See related: This industry group plans to lobby hard for NARAB II

“What’s encouraging to me is that the lawmakers acknowledged the importance of it,” says the owner and president of McNeely Financial Services Inc. in the Wausau, Wis., area. “We just emphasized the importance of getting it passed this year.”

NARAB II, as the bill is known, would establish a national organization to cut through the red tape of state-by-state broker and agent licensing.
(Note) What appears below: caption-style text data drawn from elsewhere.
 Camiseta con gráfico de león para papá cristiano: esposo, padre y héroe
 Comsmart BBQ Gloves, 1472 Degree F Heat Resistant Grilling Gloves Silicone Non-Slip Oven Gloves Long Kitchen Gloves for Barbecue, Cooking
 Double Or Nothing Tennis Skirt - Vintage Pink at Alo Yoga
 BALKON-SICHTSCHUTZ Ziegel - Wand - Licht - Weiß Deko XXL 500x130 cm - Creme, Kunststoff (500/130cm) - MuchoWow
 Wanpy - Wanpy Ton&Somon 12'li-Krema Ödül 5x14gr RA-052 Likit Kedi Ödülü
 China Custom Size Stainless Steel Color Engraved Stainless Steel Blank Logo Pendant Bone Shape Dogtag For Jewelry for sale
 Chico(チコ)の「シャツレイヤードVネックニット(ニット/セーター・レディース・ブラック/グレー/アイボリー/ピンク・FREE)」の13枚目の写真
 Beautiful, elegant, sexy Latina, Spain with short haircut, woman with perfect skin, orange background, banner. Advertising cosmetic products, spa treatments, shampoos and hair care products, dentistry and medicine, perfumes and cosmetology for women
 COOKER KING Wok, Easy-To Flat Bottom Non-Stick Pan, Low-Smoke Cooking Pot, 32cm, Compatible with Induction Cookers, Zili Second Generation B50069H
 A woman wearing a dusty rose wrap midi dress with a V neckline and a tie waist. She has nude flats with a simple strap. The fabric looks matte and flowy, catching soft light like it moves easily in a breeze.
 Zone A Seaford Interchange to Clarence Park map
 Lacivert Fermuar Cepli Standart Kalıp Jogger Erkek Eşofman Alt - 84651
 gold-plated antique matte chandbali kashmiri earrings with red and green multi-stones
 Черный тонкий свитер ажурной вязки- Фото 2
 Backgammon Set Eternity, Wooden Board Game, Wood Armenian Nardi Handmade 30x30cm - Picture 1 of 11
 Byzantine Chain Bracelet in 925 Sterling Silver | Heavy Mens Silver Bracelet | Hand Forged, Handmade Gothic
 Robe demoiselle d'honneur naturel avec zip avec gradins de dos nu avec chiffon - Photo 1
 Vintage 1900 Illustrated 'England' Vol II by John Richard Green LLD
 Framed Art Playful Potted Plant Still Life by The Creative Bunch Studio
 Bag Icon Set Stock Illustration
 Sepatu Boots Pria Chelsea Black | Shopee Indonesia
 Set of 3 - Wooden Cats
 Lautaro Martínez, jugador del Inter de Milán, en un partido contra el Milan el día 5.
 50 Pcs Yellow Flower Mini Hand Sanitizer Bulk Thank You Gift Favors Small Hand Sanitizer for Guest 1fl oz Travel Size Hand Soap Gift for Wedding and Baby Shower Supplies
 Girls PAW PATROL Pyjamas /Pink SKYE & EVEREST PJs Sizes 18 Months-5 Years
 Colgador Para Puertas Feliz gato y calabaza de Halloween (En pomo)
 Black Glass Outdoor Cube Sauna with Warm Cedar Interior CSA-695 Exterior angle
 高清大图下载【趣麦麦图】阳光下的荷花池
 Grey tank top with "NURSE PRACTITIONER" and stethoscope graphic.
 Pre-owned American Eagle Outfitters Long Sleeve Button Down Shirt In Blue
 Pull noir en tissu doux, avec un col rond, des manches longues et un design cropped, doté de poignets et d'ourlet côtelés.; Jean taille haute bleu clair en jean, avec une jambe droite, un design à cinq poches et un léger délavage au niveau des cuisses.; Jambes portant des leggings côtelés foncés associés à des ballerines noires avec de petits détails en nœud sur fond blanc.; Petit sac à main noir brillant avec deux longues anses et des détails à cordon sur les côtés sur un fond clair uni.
Industry lobbying groups are asking lawmakers to attach it to another insurance bill set to go through Congress soon, the Terrorism Risk Insurance Act, known as TRIA.

However, “The final TRIA may go through the same peril that the flood bill did,” McNeely says, based on her conversations with five Wisconsin lawmakers on May 21. NARAB II was previously attached to flood insurance legislation that passed in the U.S. Senate but was dropped from the version that passed the U.S. House of Representatives and signed into law because, according to NAIFA and other industry groups’ staff, the House leadership wanted a “clean bill.”

For now, McNeely says she’s confident NAIFA meetings with lawmakers accomplished what they could — explain the issues NARAB II would resolve for agents and brokers.

“I have a lot of friends of mine in the industry who are licensed in all 50 states,” she says. “They have a full-time person just to manage all of their licensing. It’s just more cumbersome of a process on the insurance side.” She imagines that NARAB may save brokers and agents money if they’re able to do away with the hassle of keeping up with 50 licenses.

TRIA was initially passed in 2002 to ensure that insurance carriers can continue to issue policies and accept claims, with a backstop of federal funding, following an act of terrorism. The current bill is set to expire in December and while reauthorization was introduced in the U.S. Senate in April, it has not been filed in the House yet.